### TRY IT
A verbatim reproduction of the lines below, from the line containing "How We Learned" through the line containing "Windmühle Heimsen Historische", both ends included, is the whole required output.

### EXERCISE MATERIAL
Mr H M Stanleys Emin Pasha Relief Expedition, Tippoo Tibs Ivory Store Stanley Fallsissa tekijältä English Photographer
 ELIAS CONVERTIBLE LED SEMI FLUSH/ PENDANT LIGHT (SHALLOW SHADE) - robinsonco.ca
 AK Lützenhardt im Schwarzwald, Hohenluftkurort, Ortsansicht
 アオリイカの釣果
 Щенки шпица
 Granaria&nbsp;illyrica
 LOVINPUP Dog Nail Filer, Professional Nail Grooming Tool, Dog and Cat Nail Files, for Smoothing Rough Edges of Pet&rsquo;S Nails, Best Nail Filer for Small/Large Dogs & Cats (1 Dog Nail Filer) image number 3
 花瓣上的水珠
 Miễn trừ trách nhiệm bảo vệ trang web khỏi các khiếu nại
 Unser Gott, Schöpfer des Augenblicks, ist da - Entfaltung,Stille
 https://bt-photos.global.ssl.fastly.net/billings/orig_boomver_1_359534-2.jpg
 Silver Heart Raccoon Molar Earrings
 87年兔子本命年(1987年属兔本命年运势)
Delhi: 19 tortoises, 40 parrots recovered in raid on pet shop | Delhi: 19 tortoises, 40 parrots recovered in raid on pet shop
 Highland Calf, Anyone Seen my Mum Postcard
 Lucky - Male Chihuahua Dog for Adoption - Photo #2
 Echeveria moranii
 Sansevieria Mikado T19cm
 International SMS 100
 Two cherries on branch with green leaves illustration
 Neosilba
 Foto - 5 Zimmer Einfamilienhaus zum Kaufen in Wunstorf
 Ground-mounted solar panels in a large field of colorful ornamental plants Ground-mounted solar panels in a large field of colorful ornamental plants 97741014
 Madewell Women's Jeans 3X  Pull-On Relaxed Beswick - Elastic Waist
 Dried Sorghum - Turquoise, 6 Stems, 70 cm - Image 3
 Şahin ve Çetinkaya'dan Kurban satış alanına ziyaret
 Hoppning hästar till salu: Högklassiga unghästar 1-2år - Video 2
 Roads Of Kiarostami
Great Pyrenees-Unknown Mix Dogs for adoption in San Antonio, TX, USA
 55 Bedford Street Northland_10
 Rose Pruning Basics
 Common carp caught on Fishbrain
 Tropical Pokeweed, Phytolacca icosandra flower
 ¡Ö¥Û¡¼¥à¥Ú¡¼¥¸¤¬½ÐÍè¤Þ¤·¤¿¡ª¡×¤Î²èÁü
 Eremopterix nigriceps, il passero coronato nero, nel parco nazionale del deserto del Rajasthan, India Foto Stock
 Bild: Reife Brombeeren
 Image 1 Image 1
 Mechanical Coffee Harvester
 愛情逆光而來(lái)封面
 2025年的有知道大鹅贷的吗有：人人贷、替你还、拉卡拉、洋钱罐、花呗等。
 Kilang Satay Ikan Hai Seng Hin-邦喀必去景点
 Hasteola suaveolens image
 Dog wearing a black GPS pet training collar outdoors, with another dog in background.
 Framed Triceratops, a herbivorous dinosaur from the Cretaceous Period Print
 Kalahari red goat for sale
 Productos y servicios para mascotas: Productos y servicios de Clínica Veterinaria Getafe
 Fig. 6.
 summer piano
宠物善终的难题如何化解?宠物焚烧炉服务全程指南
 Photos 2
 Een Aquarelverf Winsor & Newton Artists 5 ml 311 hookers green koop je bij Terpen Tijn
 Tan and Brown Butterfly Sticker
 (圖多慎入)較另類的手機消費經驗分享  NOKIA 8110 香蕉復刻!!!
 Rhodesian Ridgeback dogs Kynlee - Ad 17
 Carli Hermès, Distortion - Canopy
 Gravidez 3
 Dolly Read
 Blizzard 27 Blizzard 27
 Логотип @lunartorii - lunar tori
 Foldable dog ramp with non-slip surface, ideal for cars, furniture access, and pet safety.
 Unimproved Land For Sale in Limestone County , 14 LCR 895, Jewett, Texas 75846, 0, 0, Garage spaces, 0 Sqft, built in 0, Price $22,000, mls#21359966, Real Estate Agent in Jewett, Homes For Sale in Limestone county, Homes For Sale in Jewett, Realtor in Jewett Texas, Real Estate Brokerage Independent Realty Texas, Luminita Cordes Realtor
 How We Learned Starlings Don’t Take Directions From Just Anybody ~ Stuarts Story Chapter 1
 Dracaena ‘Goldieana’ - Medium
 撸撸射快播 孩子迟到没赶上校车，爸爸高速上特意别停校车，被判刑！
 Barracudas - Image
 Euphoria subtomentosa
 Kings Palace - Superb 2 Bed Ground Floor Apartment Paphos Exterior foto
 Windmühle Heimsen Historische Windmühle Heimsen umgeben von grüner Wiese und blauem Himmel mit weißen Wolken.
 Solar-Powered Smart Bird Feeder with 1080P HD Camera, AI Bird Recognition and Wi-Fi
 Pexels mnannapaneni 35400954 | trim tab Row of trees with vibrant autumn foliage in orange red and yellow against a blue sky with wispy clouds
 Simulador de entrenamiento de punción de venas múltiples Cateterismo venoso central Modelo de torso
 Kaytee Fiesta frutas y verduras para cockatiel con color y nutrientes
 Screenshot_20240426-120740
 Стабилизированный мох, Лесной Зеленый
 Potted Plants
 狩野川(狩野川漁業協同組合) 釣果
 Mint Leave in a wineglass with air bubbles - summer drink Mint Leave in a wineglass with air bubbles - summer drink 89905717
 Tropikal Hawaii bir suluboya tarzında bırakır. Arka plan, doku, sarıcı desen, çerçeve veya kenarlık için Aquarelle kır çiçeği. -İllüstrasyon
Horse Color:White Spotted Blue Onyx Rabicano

### RESPONSE BOX
 How We Learned Starlings Don’t Take Directions From Just Anybody ~ Stuarts Story Chapter 1
 Dracaena ‘Goldieana’ - Medium
 撸撸射快播 孩子迟到没赶上校车，爸爸高速上特意别停校车，被判刑！
 Barracudas - Image
 Euphoria subtomentosa
 Kings Palace - Superb 2 Bed Ground Floor Apartment Paphos Exterior foto
 Windmühle Heimsen Historische Windmühle Heimsen umgeben von grüner Wiese und blauem Himmel mit weißen Wolken.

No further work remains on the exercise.